- _Exercise description_
Please transcribe exactly the line that holds "Il linfonodo sentinella" and all lines that follow it to the end of the records below, omitting any pictures.

- _Records for this task_

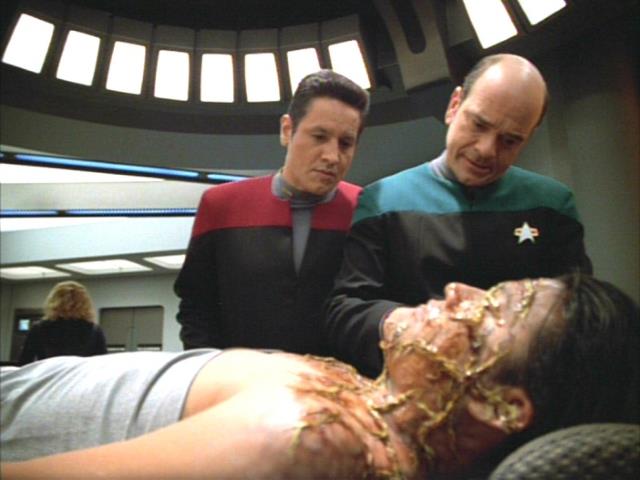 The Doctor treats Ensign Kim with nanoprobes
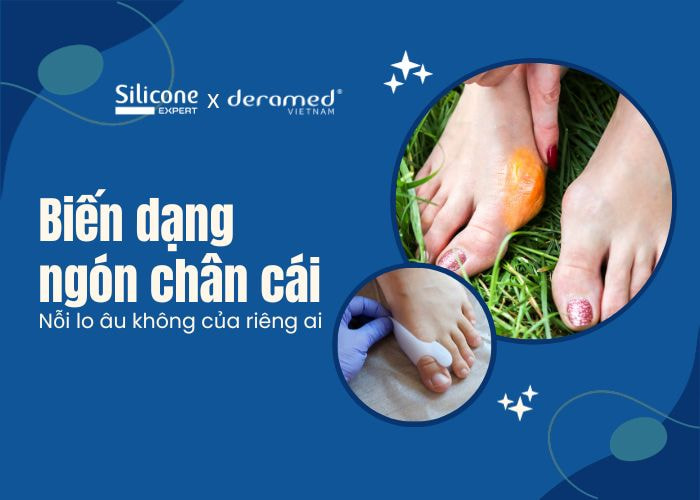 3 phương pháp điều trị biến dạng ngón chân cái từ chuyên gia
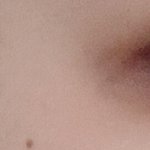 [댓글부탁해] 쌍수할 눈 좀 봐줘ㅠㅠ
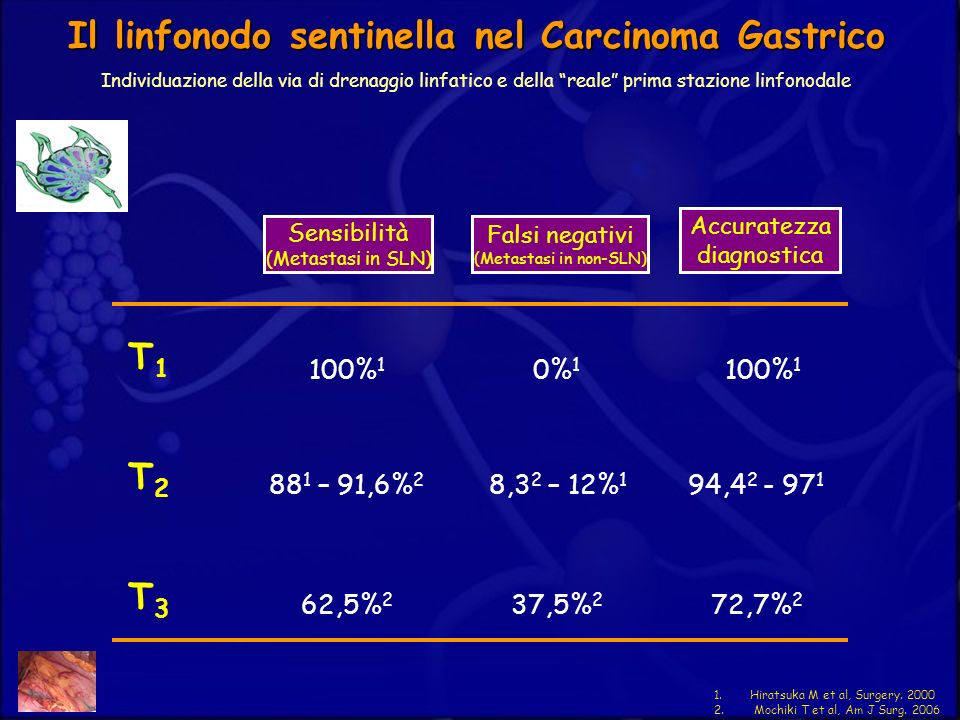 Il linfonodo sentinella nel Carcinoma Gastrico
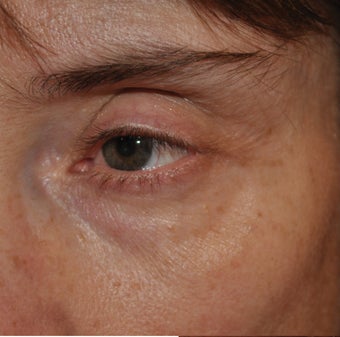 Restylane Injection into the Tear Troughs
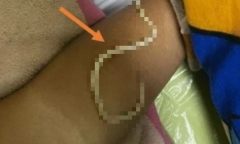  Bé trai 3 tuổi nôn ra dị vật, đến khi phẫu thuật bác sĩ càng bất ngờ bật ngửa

- _Task result_
 Il linfonodo sentinella nel Carcinoma Gastrico
 Restylane Injection into the Tear Troughs
  Bé trai 3 tuổi nôn ra dị vật, đến khi phẫu thuật bác sĩ càng bất ngờ bật ngửa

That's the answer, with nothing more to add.